If you have knowledge from previous experiences of how often an event has occurred, or if you can access information on how often it has happened to others, you can calculate probability. This can be done in many ways. For example, if you have bought a scratch-off lottery ticket and wonder what the probability of winning is, you learn how many tickets are printed overall and how many of them are winners. The ratio of winners to the number of tickets printed is your probability of winning a prize. For instance, if a million tickets are printed, and 100,000 of them are winners of some amount and one is the grand prize winner, then your overall odds of winning are 1 in 10, and your odds of winning the grand prize are one in a million.

## Expected Values

You can also assess the expected values of uncertain situations by using a weighted average of the payoffs associated with outcomes. In order to do this, you calculate the probability of success and multiply it by the outcome associated with success. You then calculate the probability of failure and multiply it by the outcome associated with failure. By adding your two answers, you will have the expected average value of the payoff.

## Subjective Probability

Sometimes there is no previous experience or useful statistical information to help you to make an objective decision. In this case, you must rely on perception. You may base your perception on judgment or general experience, but it cannot be based on the previous frequency of occurrence because this information is not available to you. Because of this, your decisions will be subjective and different from those made by others because their information, and their perceptions, are different. This makes the judgment more speculative and risky.

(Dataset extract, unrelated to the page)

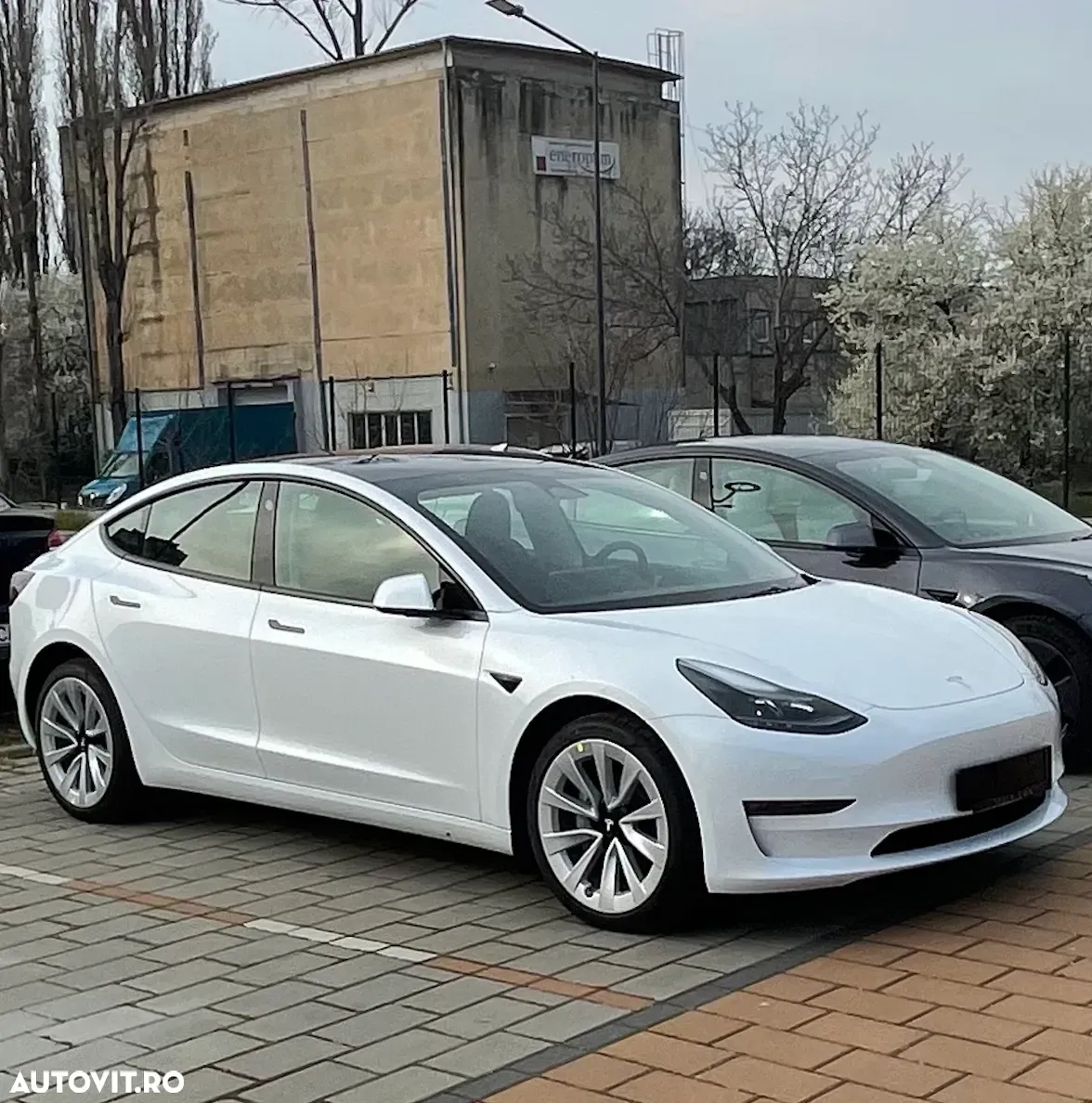 Tesla Model 3 — imagine 6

## Evaluating Objective and Subjective Probability

People do not always evaluate uncertain events by applying the laws of probability, nor of utility – satisfaction – rationally. You may, for example, have an exaggerated belief that you will have an accident or that you will succumb to a particular illness. Investors often have an exaggerated belief that stock markets will continue to rise or fall, or that real estate prices will always rise, despite the objective and subjective probabilities that this belief is highly unlikely to be true.